In the group of patients receiving isoflurane, remifentanil use was associated with a significantly higher cost, but the quality of anesthesia was again very high. In the group of patients receiving TIVA, there was no significant difference in cost and quality compared with more traditional methods. Although the cost-effectiveness of remifentanil is not high, it may improve for longer surgeries, as less propofol is used per body weight. When remifentanil use in the three different groups was considered, the total cost of the combination of isoflurane/remifentanil was cheaper than the other two methods by approximately ¥2,500 (US $27). We expected this result, as isoflurane is more suitable than sevoflurane for low-flow anesthesia, and the minimum alveolar concentration (MAC) is low. TIVA has been reported to be expensive [8], but there was no detectable difference in our study. Sevoflurane use tends to be more expensive, possibly because a high-flow method is recommended. If we can completely ignore the production of nephrotoxic compound A [9] and use the low-flow method (lower than 1 L/min), even when sevoflurane is used, the cost of anesthesia will become lower than that of TIVA [10]. There was no difference in anesthesia quality among the three remifentanil methods. PONV was observed in only two cases out of 90, and the quick metabolism of remifentanil is considered to be responsible for lowering the frequency of such side effects. When fentanyl use in the four groups is considered, isoflurane use was cheaper than the other methods by approximately ¥3,600. The total cost of sevoflurane anesthesia depends on whether N2O is used, as N2O is expensive in Japan. N2O use should be minimized, as it is not cost-effective and contributes to destruction of the ozone layer [11]. The use of volatile anesthetic gas in combination with fentanyl significantly increases the incidence of PONV [12, 13]. Propofol has been reported to have an antiemetic effect, and our results support this conclusion [14]. It is difficult to define an anesthetic method that would increase the cost-effectiveness of fentanyl use based on our study results.

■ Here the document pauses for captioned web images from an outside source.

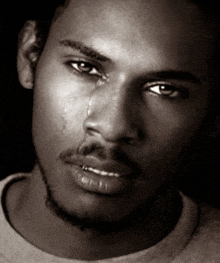 a black and white photo of a man with a tear running down his face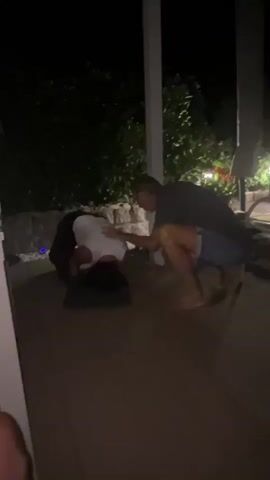 Two people are on a paved patio at night. One person is on their hands and knees facing away from the camera, with their head down. The other person is crouching nearby, facing the person on the ground and touching their back. In the background, there are trees and lights.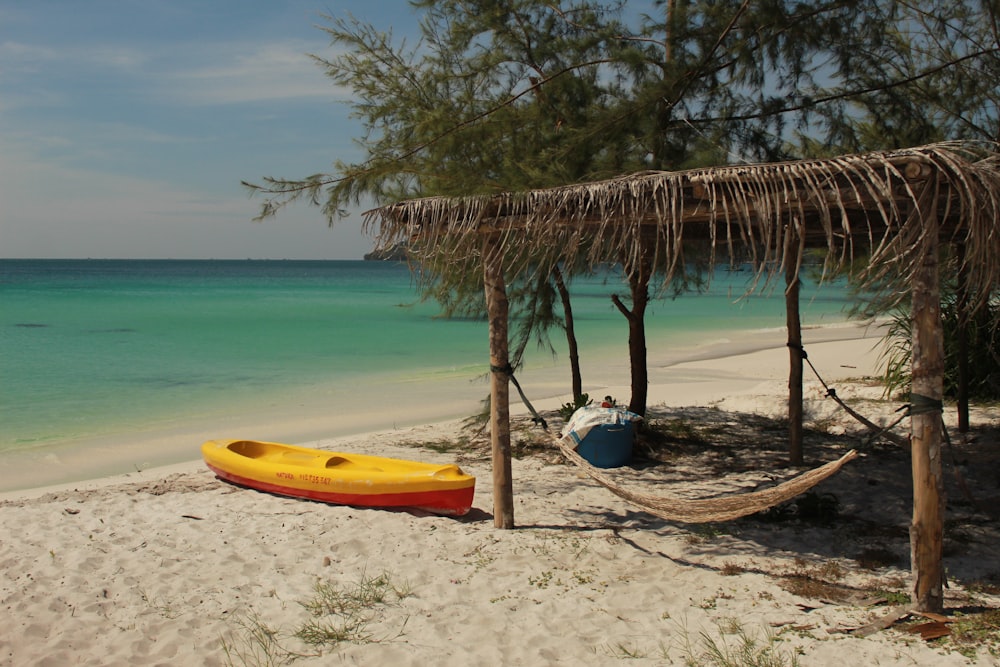 yellow and blue kayak on beach shore during daytime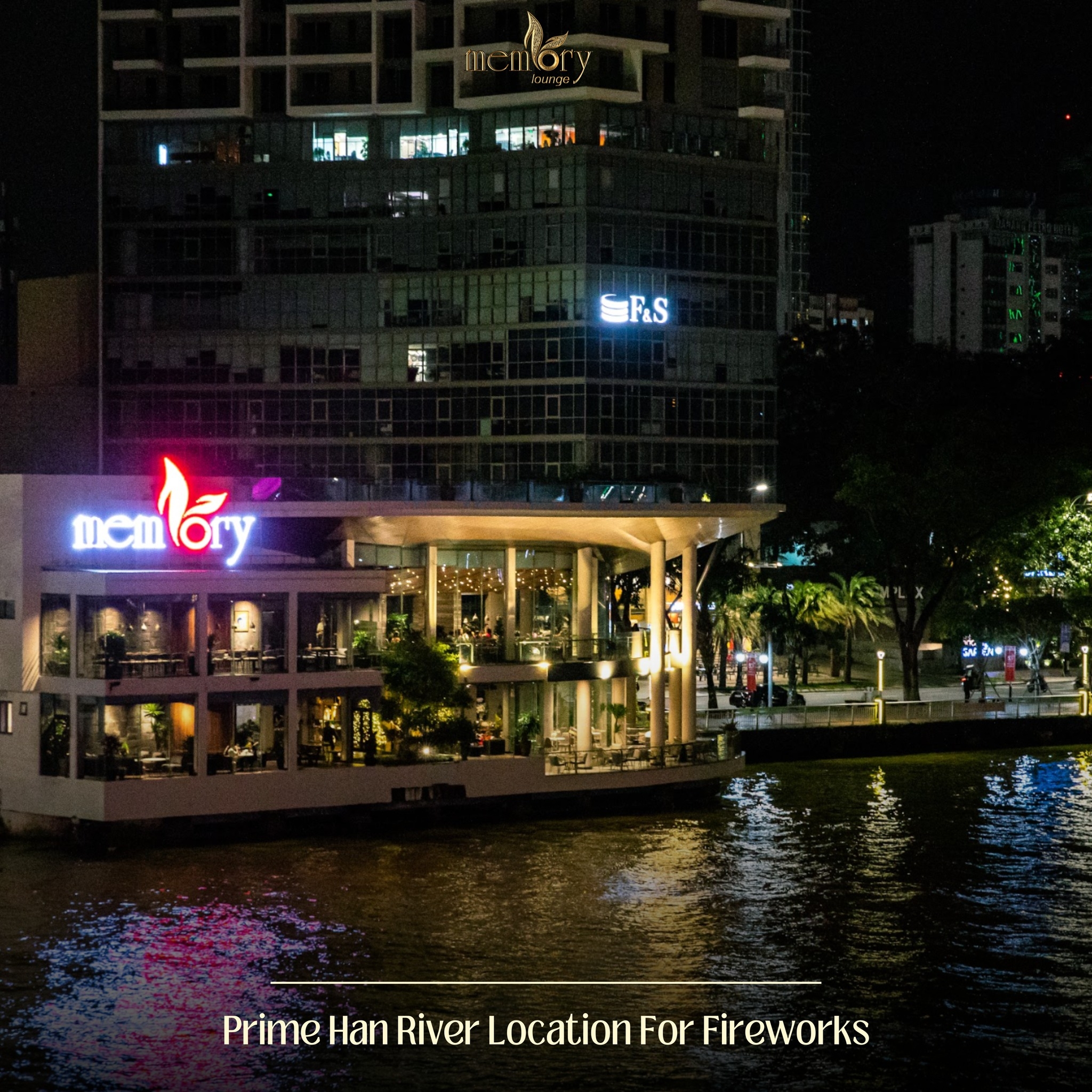 Brightly lit riverside Memory lounge building glowing at night beside the Han River, with tall city towers behind it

When isoflurane use in two groups is considered, remifentanil use was more expensive than fentanyl. It was due to the small amount of isoflurane and N2O used in low-flow anesthesia at 1 L/min. N2O use proved expensive in sevoflurane use; however, the low-flow technique might be a major reason to decrease the total anesthetic cost in volatile gas use. As remifentanil generally has a low incidence of PONV, the cost of postoperative care should be reduced. If Japanese hospitals use the DPC system more frequently, cost-effectiveness will further increase.

In this study, we investigated anesthetic techniques used in breast surgeries and concluded that the use of remifentanil is no more expensive than the traditional anesthetics based on total costs. As the high quality of this anesthesia lowers the cost of postoperative care, remifentanil is a highly cost-effective anesthetic in the Japanese health care system.